Volume 1 Edisi 1, 2025
15 Agustus 2025
Pemaafan diri: Menguatkan ingatan akan rahmat dan pertolongan Allah
Resnia Novitasari
۞ قُلْ يَٰعِبَادِىَ ٱلَّذِينَ أَسْرَفُوا۟ عَلَىٰٓ أَنفُسِهِمْ لَا تَقْنَطُوا۟ مِن رَّحْمَةِ ٱللَّهِ ۚ إِنَّ ٱللَّهَ يَغْفِرُ ٱلذُّنُوبَ جَمِيعًا ۚ إِنَّهُۥ هُوَ ٱلْغَفُورُ ٱلرَّحِيمُ
Artinya: Katakanlah: “Hai hamba-hamba-Ku yang melampaui batas terhadap diri mereka sendiri, janganlah kamu berputus asa dari rahmat Allah. Sesungguhnya Allah mengampuni dosa-dosa semuanya. Sesungguhnya Dialah Yang Maha Pengampun lagi Maha Penyayang. (Q.S. Az-Zumar ayat 53)
Setiap manusia memiliki perjalanan hidup dengan seluruh dinamikanya. Beragam cerita dirajut dalam suka dan duka saling berkait dan bergantian satu dengan lainnya. Dalam menghadapi kesulitan, manusia seringkali jatuh dalam permasalahan dan bergelut di dalamnya. Kesalahan dan dosa yang pernah dilakukan seringkali membatasi diri untuk kembali kepada-Nya. Salah satu penyebabnya adalah karena individu sering merasa memiliki banyak kekurangan. Perasaan malu dan tidak pantas kerapkali menghantui diri pada saat proses pertobatan hendak dimulai.
Dalam banyak referensi, Allah Subhanahu wa Ta’ala menegaskan sifat-Nya yang Maha Pengampun.

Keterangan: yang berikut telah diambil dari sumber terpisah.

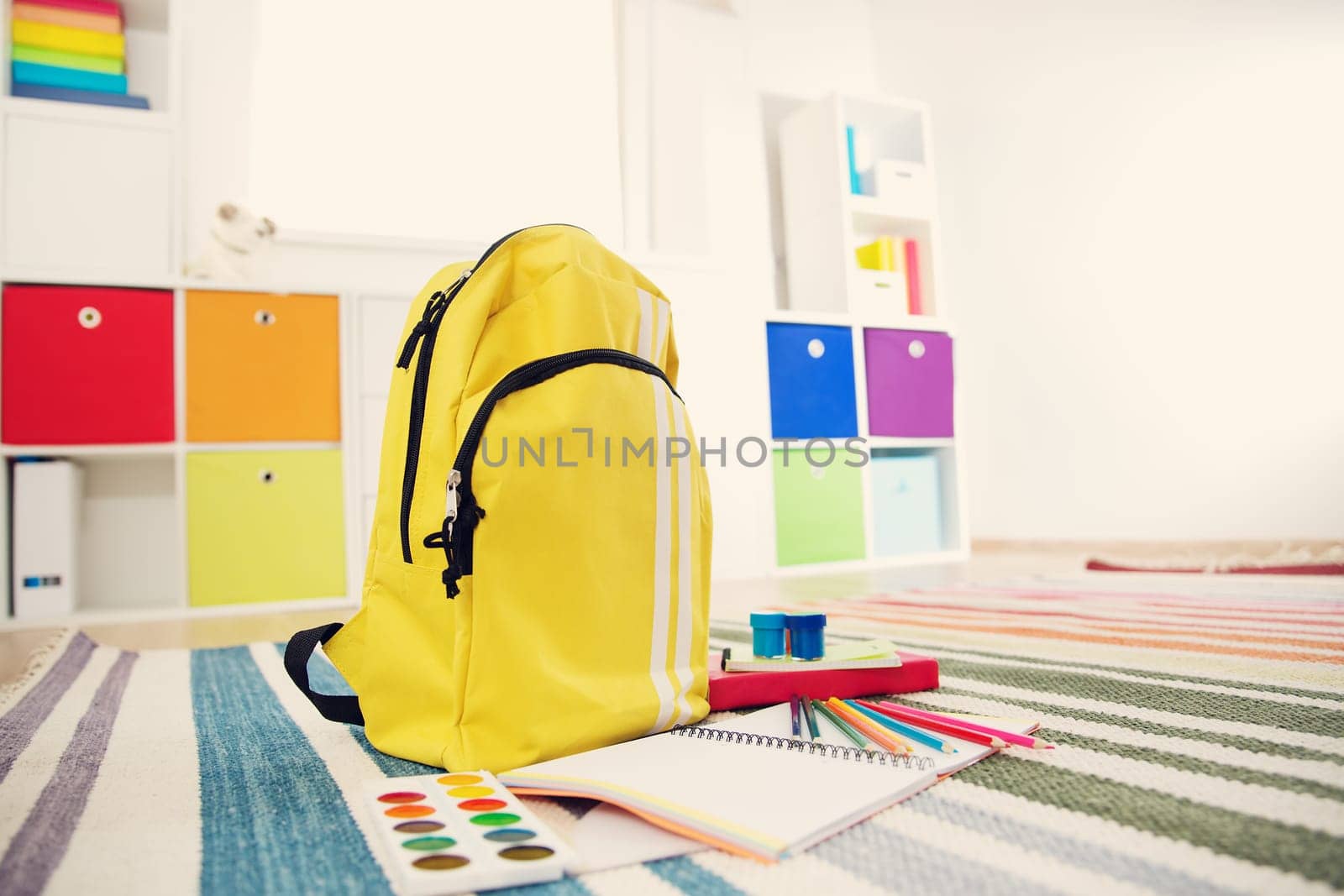 Colourful children rooom with white walls and furniture. Rainbow carpet at home interior with a window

Sebagai contoh adalah pada hadits hasan berikut ini:
قَالَ رَسُولُ اللَّهِ صَلَّى اللهُ عَلَيْهِ وَسَلَّمَ : قَالَ اللَّهُ تَبَارَكَ وَتَعَالَى يَا ابْنَ آدَمَ إِنَّكَ مَا دَعَوْتَنِي وَرَجَوْتَنِي غَفَرْتُ لَكَ عَلَى مَا كَانَ فِيكَ وَلَا أُبَالِي يَا ابْنَ آدَمَ لَوْ بَلَغَتْ ذُنُوبُكَ عَنَانَ السَّمَاءِ ثُمَّ اسْتَغْفَرْتَنِي غَفَرْتُ لَكَ وَلَا أُبَالِي يَا ابْنَ آدَمَ إِنَّكَ لَوْ أَتَيْتَنِي بِقُرَابِ الْأَرْضِ خَطَايَا ثُمَّ لَقِيتَنِي لَا تُشْرِكُ بِي شَيْئًا لَأَتَيْتُكَ بِقُرَابِهَا مَغْفِرَةً
Dari Anas bin Mâlik Radhiyallahu anhu, beliau berkata: Aku telah mendengar Rasulullah Shallallahu ‘alaihi wa sallam bersabda, “Allah Tabaraka wa Ta’ala berfirman, ‘Wahai, anak Adam! Sungguh selama engkau berdoa kapada-Ku dan berharap kepada-Ku, niscaya Aku ampuni semua dosa yang ada pada engkau, dan Aku tidak peduli. Wahai, anak Adam! Seandainya dosa-dosamu sampai setinggi awan di langit, kemudian engkau memohon ampunan kepada-Ku, niscaya Aku ampuni dan Aku tidak peduli. Wahai, anak Adam! Seandainya engkau menemui-Ku dengan membawa kesalahan sepenuh bumi, kemudian menemui-Ku dalam keadaan tidak mempersekutukan Aku sedikit pun, tentulah Aku akan memberikan pengampunan sepenuh bumi’.” (H.R. At-Tirmidzi)
Akan tetapi, ternyata terkadang muncul kesulitan justru pada saat seseorang terus menerus merasa bahwa dosanya tidak dapat diampuni. Dirinya justru yang membatasi bahwa ia tidak layak mendapatkan pengampunan dari Allah Subhanahu wa Ta’ala. Dalam banyak kajian, pemaafan seringkali fokus pada ranah relasi interpersonal. Namun demikian, ada sisi lain yang perlu untuk disoroti yakni bagaimana relasi manusia dengan dirinya sendiri. Pemaafan terhadap diri sendiri atas kesalahan yang pernah diperbuat menjadi bagian penting dalam proses transformasi spiritual.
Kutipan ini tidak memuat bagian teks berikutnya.